Are technical component (TC) only and global claims included in this same CMS/AMA guidance because they are paid under the Part B physician fee schedule?
Yes, all services paid under the Medicare Fee-for-Service Part B physician fee schedule are covered by the guidance.
Do the ICD-10 audit and quality program flexibilities extend to Medicare fee-for-service prior authorization requests?
No, the audit and quality program flexibilities only pertain to post payment reviews. ICD-10 codes with the correct level of specificity will be required for prepayment reviews and prior authorization requests.
If a Medicare paid claim is crossed over to Medicaid for a dual-eligible beneficiary, is Medicaid required to pay the claim?

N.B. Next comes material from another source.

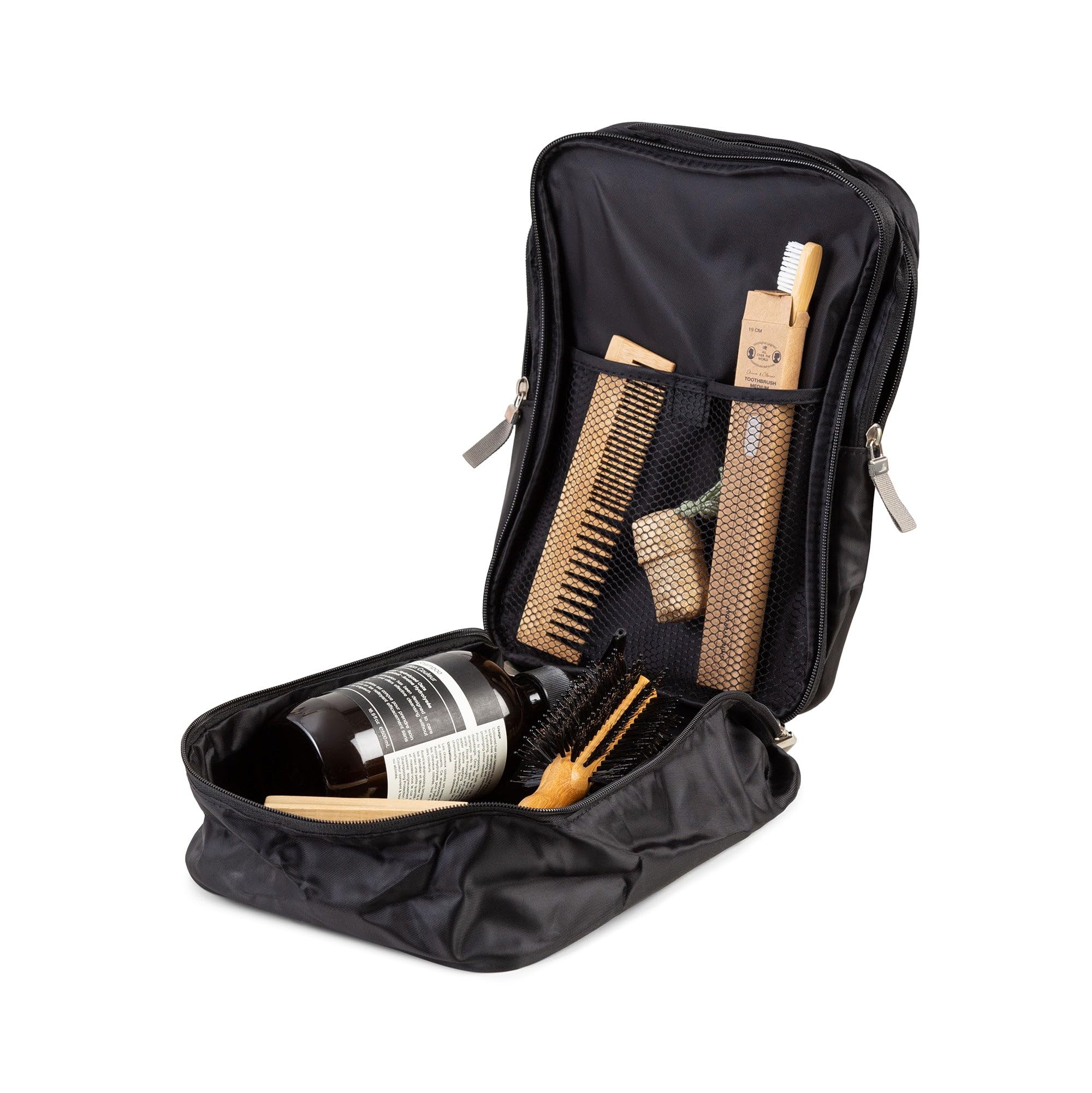 compactor-jet-ran7209-trousse-de-toilette-29-x-21-5-x-13-cm image 6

State Medicaid programs are required to process submitted claims that include ICD-10 codes for services furnished on or after October 1 in a timely manner. Claims processing verifies that the individual is eligible, the claimed service is covered, and that all administrative requirements for a Medicaid claim have been met. If these tests are met, payment can be made, taking into account the amount paid or payable by Medicare. Consistent with those processes, Medicaid can deny claims based on system edits that indicate that a diagnosis code is not valid.
Does this added ICD-10 flexibility regarding audits only apply to Medicare?
The official Guidance only applies to Medicare fee-for-service claims from physician or other practitioner claims billed under the Medicare Fee-for-Service Part B physician fee schedule. This Guidance does not apply to claims submitted for beneficiaries with Medicaid coverage, either primary or secondary.
Will CMS permit state Medicaid agencies to issue interim payments to providers unable to submit a claim using valid, billable ICD-10 codes?
Federal matching funding will not be available for provider payments that are not processed through a compliant MMIS and supported by valid, billable ICD-10 codes.
Will the commercial payers observe the one-year period of claims payment review leniency for ICD-10 codes that are from the appropriate family of codes?
The official Guidance only applies to Medicare fee-for-service claims from physician or other practitioner claims billed under the Medicare Fee-for-Service Part B physician fee schedule. Each commercial payer will have to determine whether it will offer similar audit flexibilities.